RECORDS —
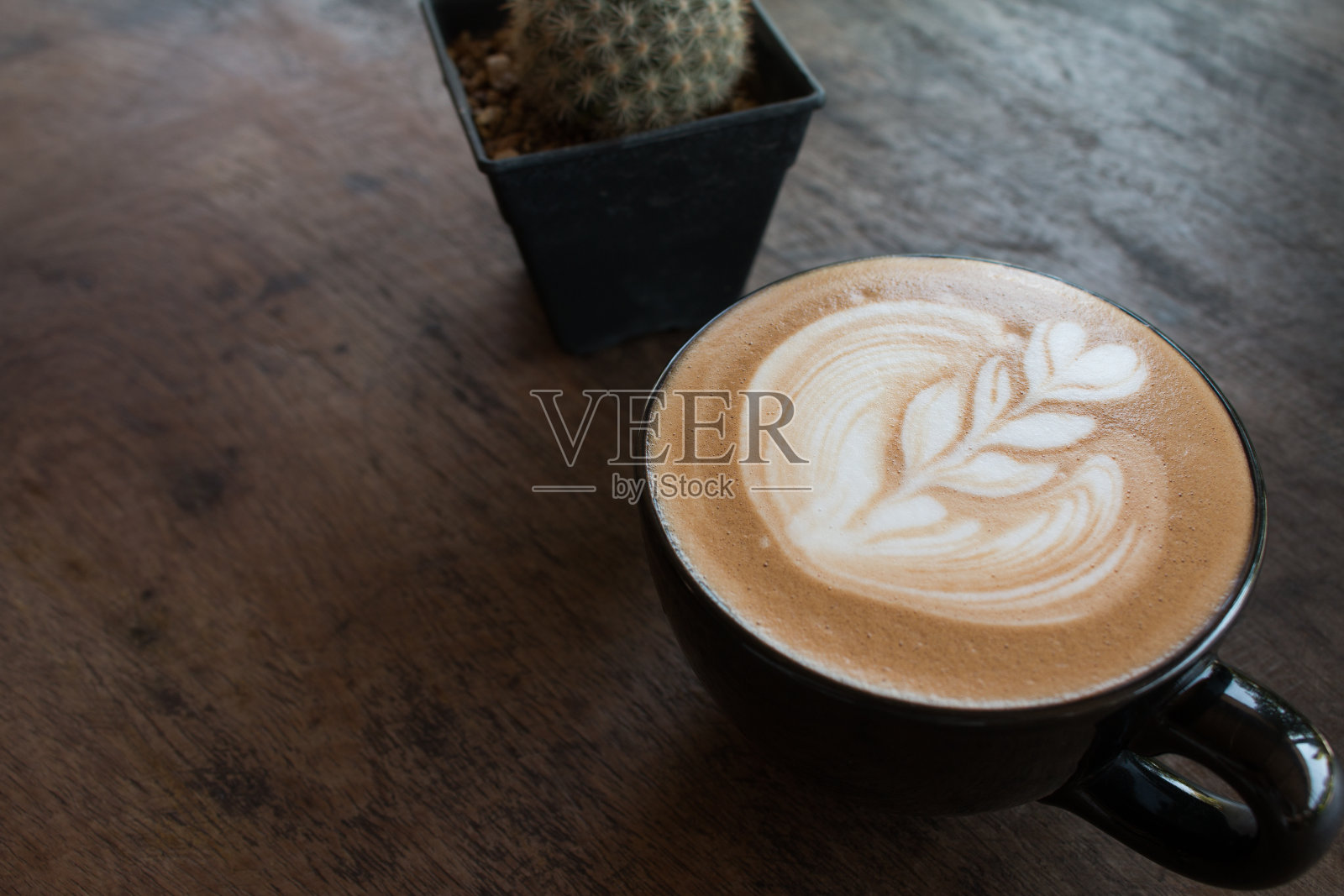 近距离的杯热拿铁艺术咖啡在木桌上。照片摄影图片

...

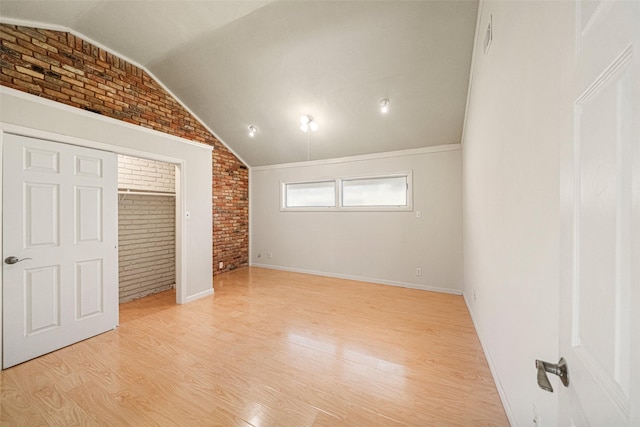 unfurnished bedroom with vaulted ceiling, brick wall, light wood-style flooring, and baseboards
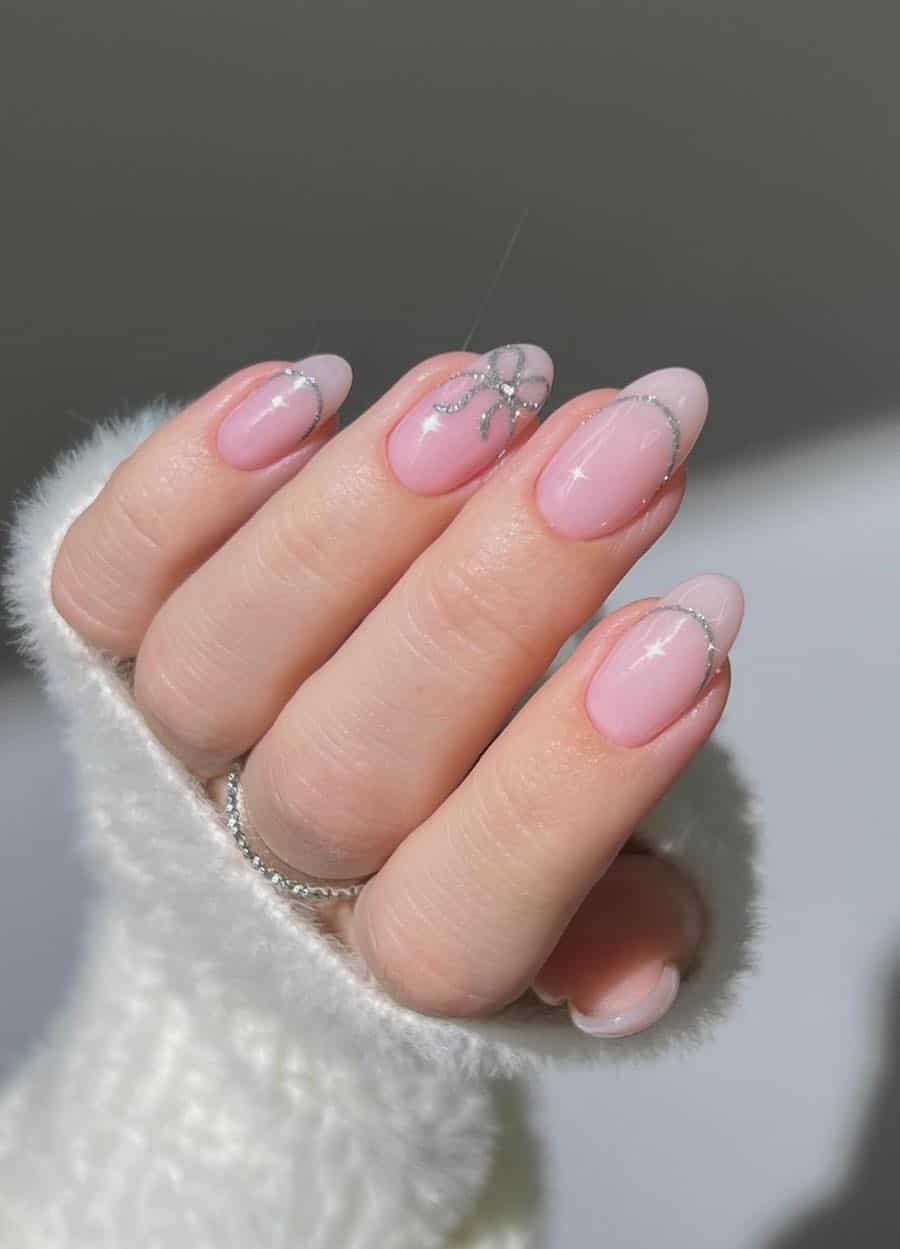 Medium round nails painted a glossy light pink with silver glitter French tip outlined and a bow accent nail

EXERCISE — The lines to set down run from the line with "unfurnished bedroom with" up to and including the line with "Medium round nails" in the entries above. Reproduce them exactly, with no pictures.

RESPONSE TO THIS EXERCISE —
 unfurnished bedroom with vaulted ceiling, brick wall, light wood-style flooring, and baseboards
 Medium round nails painted a glossy light pink with silver glitter French tip outlined and a bow accent nail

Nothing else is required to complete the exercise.